Throughout this period the borders of the sub-states were changing every time someone sneezed. The Kingdom of Yugoslavia was huge. Maybe one third of the Balkan Peninsula - which is the land that is contained by Hungary and Romania in the north, the Black Sea in the east, the Adriatic in the west and Turkey in the south, and includes Greece (a non Slavic culture). There have been many historic tensions in play though this region for centuries.

Kingdom of Yugoslovia 1918
The Ottoman Empire had been and gone for instance, but a large number of Muslim families who had settled northern Bosnia, a sparsely populated area, remained and had lived there peacefully for hundreds of years. The Orthodox Churches (Greek Orthodox, Russian Orthodox and later a Serbian Orthodox branch) had broken from Rome while Slovenia and Croatia remained Catholic with links to Rome. In addition the Slavic descendant tribes made up most of "Eastern Europe" (Russia, Belarus, Ukraine, Poland, Bulgaria, Romania, Croatia, Slovenia, Serbia, Bosnia-Herzegovina, Macedonia, Kosovo, Montenegro, Albania and a few more). Every country in that region in fact, bar Hungary and Greece. And further there had been those with dreams of a united Slavic Republic, including all those countries, for many years.

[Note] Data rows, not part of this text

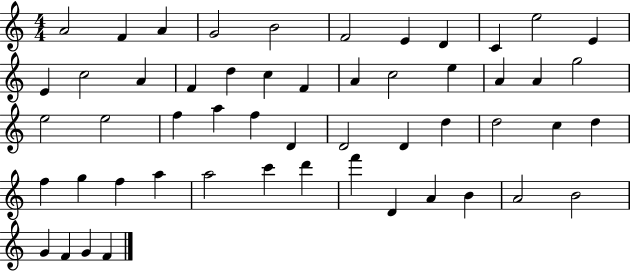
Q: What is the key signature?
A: C major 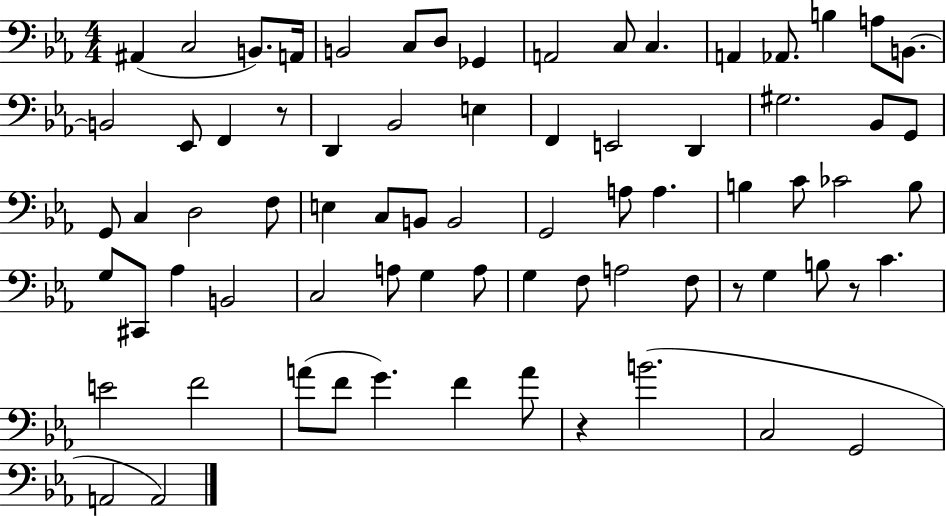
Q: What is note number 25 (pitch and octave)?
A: D2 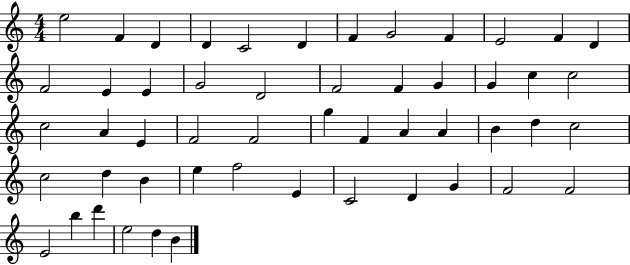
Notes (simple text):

E5/h F4/q D4/q D4/q C4/h D4/q F4/q G4/h F4/q E4/h F4/q D4/q F4/h E4/q E4/q G4/h D4/h F4/h F4/q G4/q G4/q C5/q C5/h C5/h A4/q E4/q F4/h F4/h G5/q F4/q A4/q A4/q B4/q D5/q C5/h C5/h D5/q B4/q E5/q F5/h E4/q C4/h D4/q G4/q F4/h F4/h E4/h B5/q D6/q E5/h D5/q B4/q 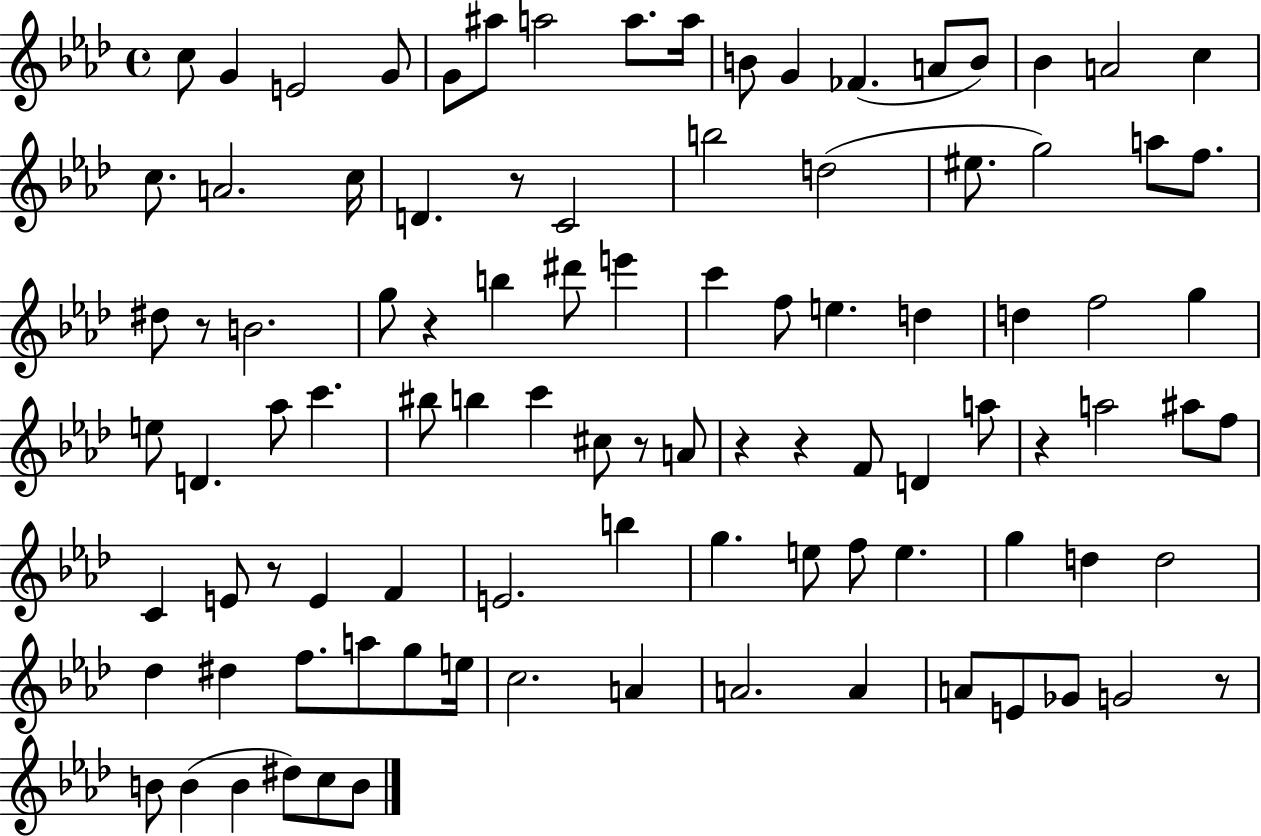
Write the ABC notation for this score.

X:1
T:Untitled
M:4/4
L:1/4
K:Ab
c/2 G E2 G/2 G/2 ^a/2 a2 a/2 a/4 B/2 G _F A/2 B/2 _B A2 c c/2 A2 c/4 D z/2 C2 b2 d2 ^e/2 g2 a/2 f/2 ^d/2 z/2 B2 g/2 z b ^d'/2 e' c' f/2 e d d f2 g e/2 D _a/2 c' ^b/2 b c' ^c/2 z/2 A/2 z z F/2 D a/2 z a2 ^a/2 f/2 C E/2 z/2 E F E2 b g e/2 f/2 e g d d2 _d ^d f/2 a/2 g/2 e/4 c2 A A2 A A/2 E/2 _G/2 G2 z/2 B/2 B B ^d/2 c/2 B/2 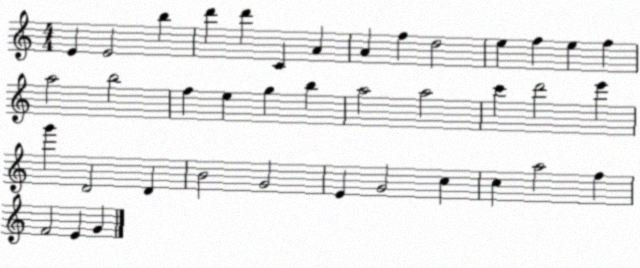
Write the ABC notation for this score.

X:1
T:Untitled
M:4/4
L:1/4
K:C
E E2 b d' d' C A A f d2 e f e f a2 b2 f e g b a2 a2 c' d'2 e' g' D2 D B2 G2 E G2 c c a2 f F2 E G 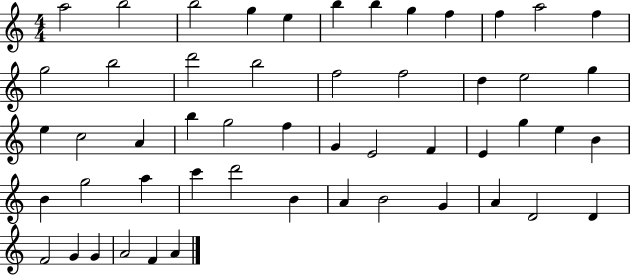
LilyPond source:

{
  \clef treble
  \numericTimeSignature
  \time 4/4
  \key c \major
  a''2 b''2 | b''2 g''4 e''4 | b''4 b''4 g''4 f''4 | f''4 a''2 f''4 | \break g''2 b''2 | d'''2 b''2 | f''2 f''2 | d''4 e''2 g''4 | \break e''4 c''2 a'4 | b''4 g''2 f''4 | g'4 e'2 f'4 | e'4 g''4 e''4 b'4 | \break b'4 g''2 a''4 | c'''4 d'''2 b'4 | a'4 b'2 g'4 | a'4 d'2 d'4 | \break f'2 g'4 g'4 | a'2 f'4 a'4 | \bar "|."
} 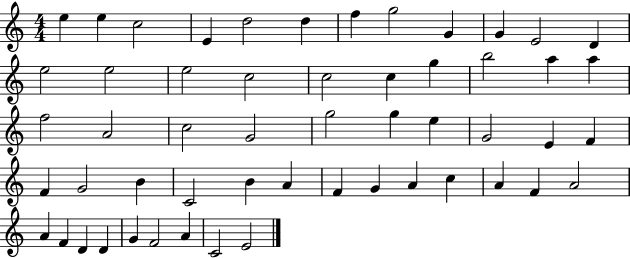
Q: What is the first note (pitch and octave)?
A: E5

Back to WWI and a time when many young Croatians fled, got an education and began to agitate from abroad for change. A young man named Josip Broz was among them. He was handsome, charismatic, intelligent, astute, articulate and fascinated by socialism.

Josip Broz
WWII arrived. And this when it gets complicated. The Balkan States particularly Croatia and Serbia are invaded by Italy and Germany. Croatia does a deal with the axis powers to retain a degree of independence for a few favours including implementing some facist ideals. As part of that there emerges a hard right nationalist movement, the Ustace which holds power and embarks on a campaign of mass killings and imprisonment of Serbs, Romanies and the Muslim community. The Ustace are vicious, unrelenting and target Serbs in particular.They seek a pure Croatian state.

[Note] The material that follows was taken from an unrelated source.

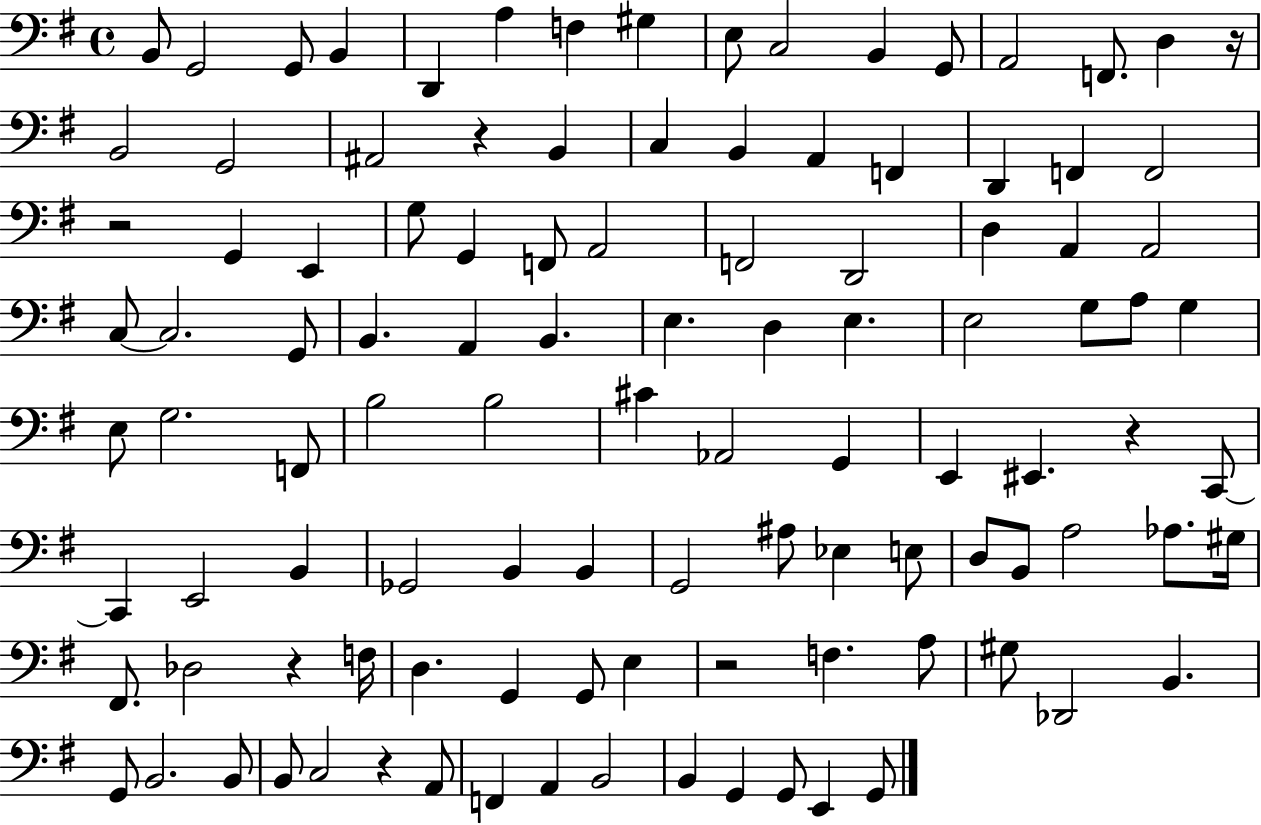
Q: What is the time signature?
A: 4/4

          "This country can only be a Croatian country, and there is no method we would hesitate      to use in order to make it truly Croatian and cleanse it of Serbs, who have for centuries endangered us and who will endanger us again if they are given the opportunity."

— Milovan Žanić, the minister of the NDH Legislative council, on 2 May 1941.

It's a form of the German SS. They create internment camps mirroring Germany, but without the gas chambers. Many prisoners of these camps die of starvation or disease, but most, estimated at 300,000, are murdered.

Meanwhile Josip Broz becomes a devotee of Communism and of Stalinism in particular.  He adopts the nickname Tito (no specific meaning - just sounds good), founds a Croation Communist Party and begins to forge a united resistance as leader of the Croatian Liberation Army (aka the partisans). The partisans/Communist party are local militia determined to fight a guerilla war of liberation against the occupying forces, the Ustace and what they see as the Croatian puppet government.